# Any Versacamm SP300 reviews?



## MikeysTshirts (Jul 2, 2010)

Hi guys
I've been looking into getting one of these! 

What are your thoughts?? 

Are they worth it??


----------



## KB Graphics (Feb 26, 2007)

*Re: Versacamm SP300*

Have had ours 5 years now and the machine is bullet proof. from stickers to banners to heat transfers it's like printing money. You won't be dissatisfied.


----------



## JeridHill (Feb 8, 2006)

*Re: Versacamm SP300*

I'm not sure what the difference is between the SP-300 and what we have, the VS-300. I'm thinking this one supports metallic and white ink but I'm not sure if that one does. It looks like all the specs are the same and I'd say it rocks. I think you would be very pleased with it.


----------



## MikeysTshirts (Jul 2, 2010)

*Re: Versacamm SP300*

Thanks guys
Does anyone know the going rate for a second hand machine in British sterling??


----------



## kirkmansigns (Jun 22, 2007)

MikeysTshirts said:


> Hi guys
> I've been looking into getting one of these!
> 
> What are your thoughts??
> ...


I've had my VP-300 since 2008, never any issues until last week. I had the cyan head go bad. Probably just one of those things.... because Roland has a very good reputation. Took it in for service. New head $ 1000. Installation $ 175. I just hope the other three last a while longer.  The tech did tell me that Epson actually make the heads and the ink. Had never heard that before. Roland mainly makes the "printer/cutter". I still believe it's a great piece of equipment. Just keep in mind a possible $ 4000 cost if all heads quit. My machine has 109 hrs on it.... yeah, that's it.


----------



## Mabuzi (Jul 3, 2007)

Best dam machine. Runs and runs and runs. I am a Roland fan.

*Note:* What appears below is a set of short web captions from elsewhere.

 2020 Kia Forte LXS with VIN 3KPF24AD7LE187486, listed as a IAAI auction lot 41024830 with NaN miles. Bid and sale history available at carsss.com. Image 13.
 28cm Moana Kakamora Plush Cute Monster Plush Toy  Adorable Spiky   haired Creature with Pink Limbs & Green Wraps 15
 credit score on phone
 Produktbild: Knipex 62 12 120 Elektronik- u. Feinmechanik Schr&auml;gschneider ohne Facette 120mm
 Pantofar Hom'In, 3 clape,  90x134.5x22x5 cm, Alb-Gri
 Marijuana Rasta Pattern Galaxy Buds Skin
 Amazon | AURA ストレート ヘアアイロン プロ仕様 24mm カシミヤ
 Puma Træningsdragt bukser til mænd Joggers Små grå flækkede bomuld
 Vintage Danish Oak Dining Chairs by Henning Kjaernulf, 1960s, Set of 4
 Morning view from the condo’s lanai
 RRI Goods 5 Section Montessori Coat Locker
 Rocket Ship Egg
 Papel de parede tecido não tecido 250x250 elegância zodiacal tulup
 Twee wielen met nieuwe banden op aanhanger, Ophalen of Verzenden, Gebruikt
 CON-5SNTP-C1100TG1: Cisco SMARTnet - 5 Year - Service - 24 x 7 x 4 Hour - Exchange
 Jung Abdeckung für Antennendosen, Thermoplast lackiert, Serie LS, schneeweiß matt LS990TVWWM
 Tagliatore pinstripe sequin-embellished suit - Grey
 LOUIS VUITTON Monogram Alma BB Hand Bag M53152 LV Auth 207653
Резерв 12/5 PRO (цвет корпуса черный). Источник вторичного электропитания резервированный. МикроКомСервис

I would go for the new desktop Roland that prints metallic and cuts too.

Hey Roland when are you going to make DTG machines?


----------



## idonaldson (Sep 29, 2008)

1st things 1st - SP/VP/VS - 300s - SP has 2 heads shared among 4 colors; VP has 4 heads each with a dedicated color; and the VS has a single head shared by 8 colors in one of 3 configurations - dual CMYK - CMYK plus Light Magenta and Light Cyan; and CMYK plus LM, LC, White, and Metallic. The VS is the latest of all 3 series. There are models with in the SP and VP arena. The 300V being the oldest followed by 300 and the latest in that series the 300i. The V series for most of them are USB and have a cabling system for moving the head. The later series have a belt which is more trouble free. The machines in the SP and VP line are like mules - do not take much to keep them going and they tend to be very reliable with some care. The sp and vp series regardless of letters take the same head running about 1Kea, while the newer VS runs about 2.5K. The heads very seldom go at the same time - each being rated for about 6billion shots, but not uncommon to go longer. Not sure what they are worth in sterlings, but used ones do not stay on the market long.


----------



## johnbol1 (Aug 19, 2010)

Worth their weight in gold, we tried bulk inks in the past, worst thing we ever done, stick with originals is now our mantra

John


----------



## idonaldson (Sep 29, 2008)

I can list many good reasons not to use bulk ink versus the one good reason to use it - price. However, the price of replacing or repairing far outweighs the other. With that said, not all bulk inks are created equal but I will not be testing with my money maker to find out which one is the best.


----------



## MikeysTshirts (Jul 2, 2010)

Many thanks for all of your feedback guys! 
I'm in the final stages of the purchase now and I think it will improve my business massively overnight! 
The options are endless and as a business
I feel this is the right move for me! 
Many thanks


----------



## edward1210 (Nov 7, 2009)

I know this is old, so which printer did you buy?


----------